Butch was off his bike first. He walked straight at the one in the middle, a stocky guy with a braided beard and a Locust patch so new the stitching still looked clean. "You know whose road this is?" he asked, puffing out his chest. I'd seen him do similar about a hundred times just this year. He liked confrontation, and he liked being the one to pick a fight, which was exactly where this was headed.
"I know whose road it used to be." The guy was green, and way too young to be out here flapping his jaws like that.
"Used to be?" Butch stopped about three feet from him and cocked his head. "That's cute. You rehearse that?"
"We ain't looking for trouble," the one on the left said. He was older than the other two and his eyes kept darting between our bikes, counting heads. "We're just doing business."

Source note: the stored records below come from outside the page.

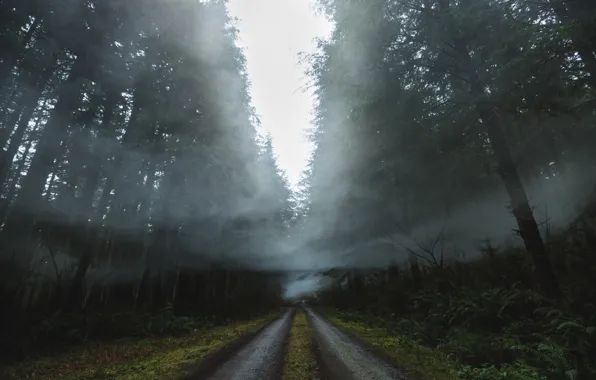 Road, forest, nature, fog, smoke, haze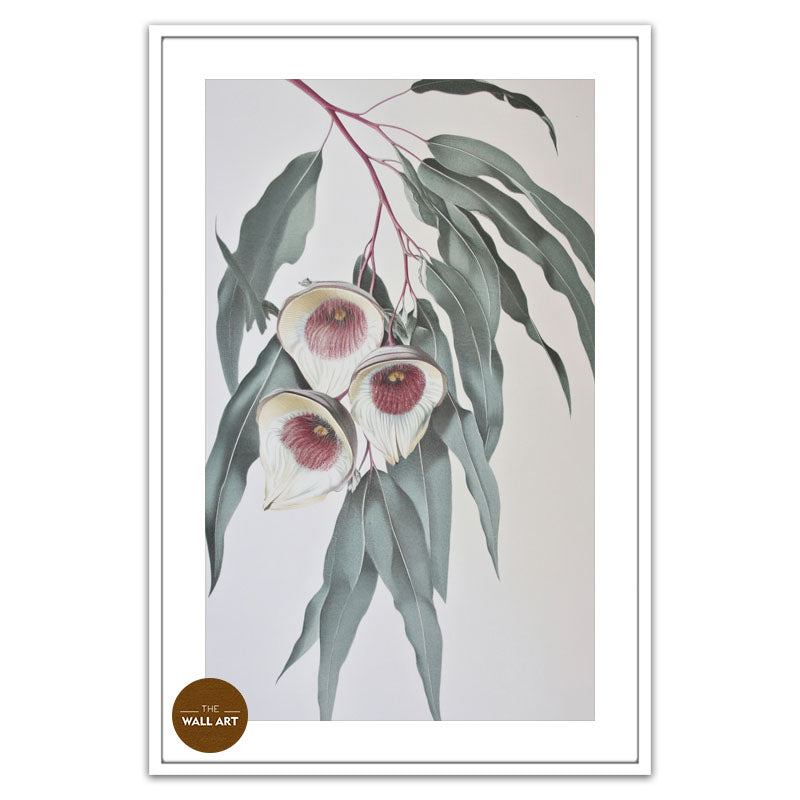GUM LEAVES III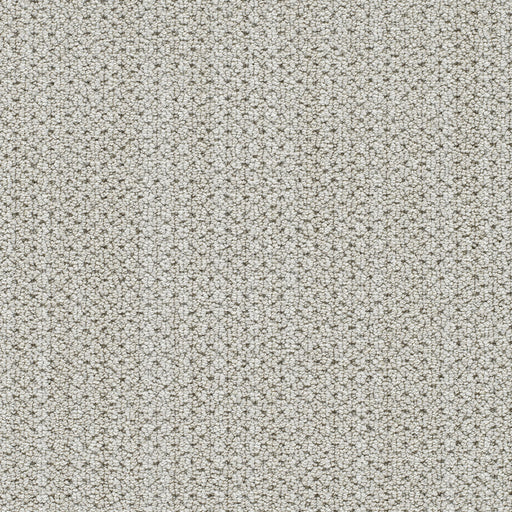 DreamWeaver Montreal II 8042 Tralee Loop Polyester Carpet — Stone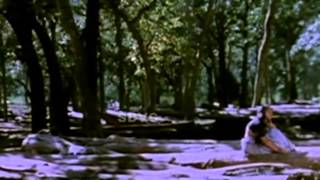 Kunguma Chimizh - Mohan, Ilavarasi, Revathi - Tamil Super Hit Movie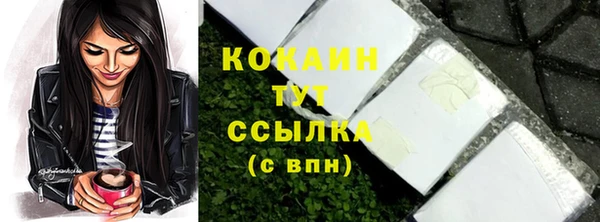 меф Арсеньев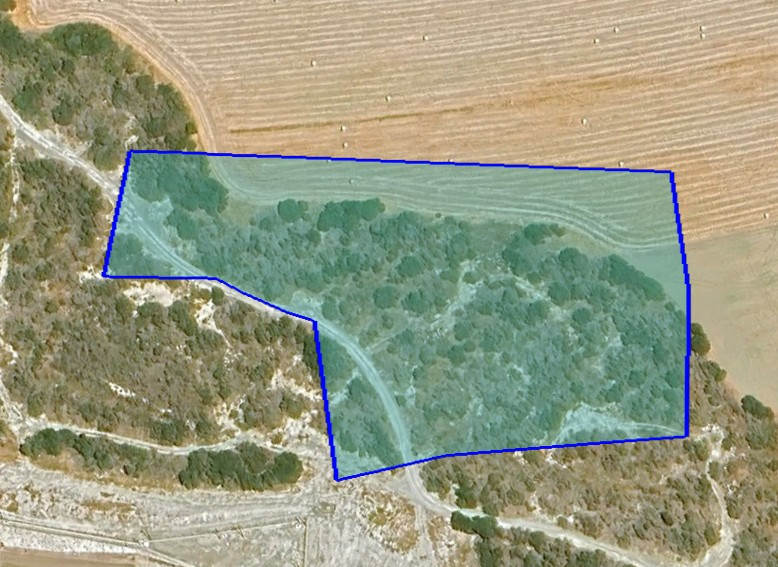 Land in Pyrgos, Limassol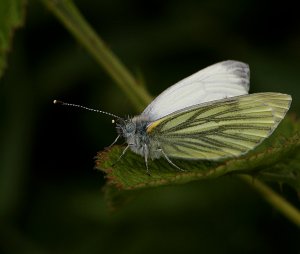 Green-veined White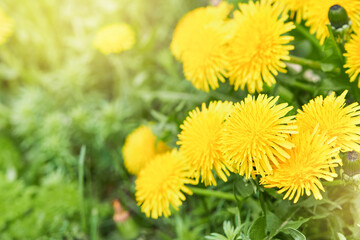 Yellow dandelion flowers on green meadow, natural blurred background. Green field with yellow fluffy dandelions close up. spring summer season. Selective focus. Close up.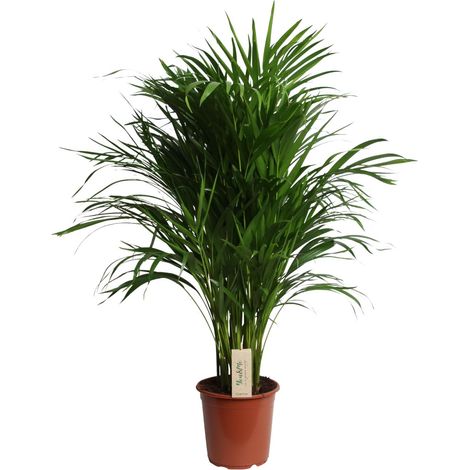 Palmier Areca Dypsis Lutescens - Plante Verte d'Intérieur - Pot Ø21 cm - Hauteur 100 cm - PANGIVO (1/4)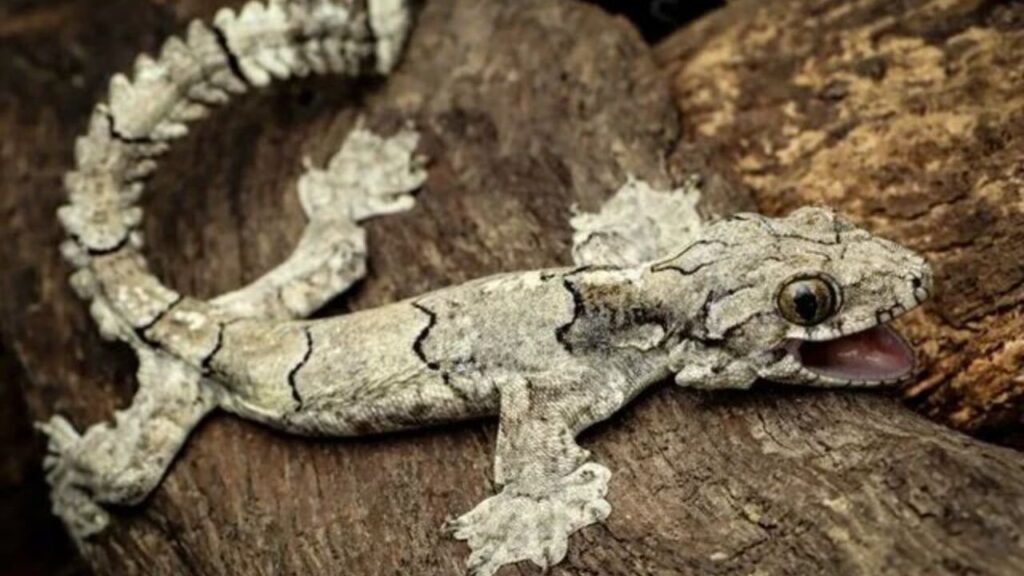 A light gray gecko with intricate black markings and rough, textured skin, blending perfectly with the bark of a tree. Its large eyes are open, and its mouth is slightly ajar, revealing its tiny teeth. The gecko's tail features a distinctive serrated appearance, adding to its unique camouflage on the wooden surface.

"Your business is on your road," Rusty called from behind me. "Not on ours… You ain't got no business here." I heard him spit as I swung my leg over my bike and forced myself not to wince at the pain. Anymore, I let the brothers deal with most of the fighting, but lately, it'd gotten worse, like someone purposefully lit these guys' pants on fire or something.
"Roads don't have names on them, brother."
"Don't call me brother." Rusty swung off his bike and walked up beside Butch. "You got about ten seconds to get on your bikes and ride east before we decide to stop being nice."
The stocky one in the middle looked past Butch and Rusty at the rest of us. He wasn't stupid. He could count just fine, and the numbers weren't in his favor. But pride was a hell of a drug, and these boys had been selling enough of the real thing to think they were untouchable.
"We paid our dues to be here," he said. "Talk to your president if you've got a problem with it."
"Our president sent us," Butch said. "This is him talking."
The stocky one's jaw worked for a second, clenching and loosening up like he was chewing snuff. Then he looked at his boys and gave a small nod, and for a moment I thought they were going to mount up and leave without a fight. Instead, theyoung one on the left threw a sucker punch at Rusty that caught him on the cheekbone and snapped his head sideways.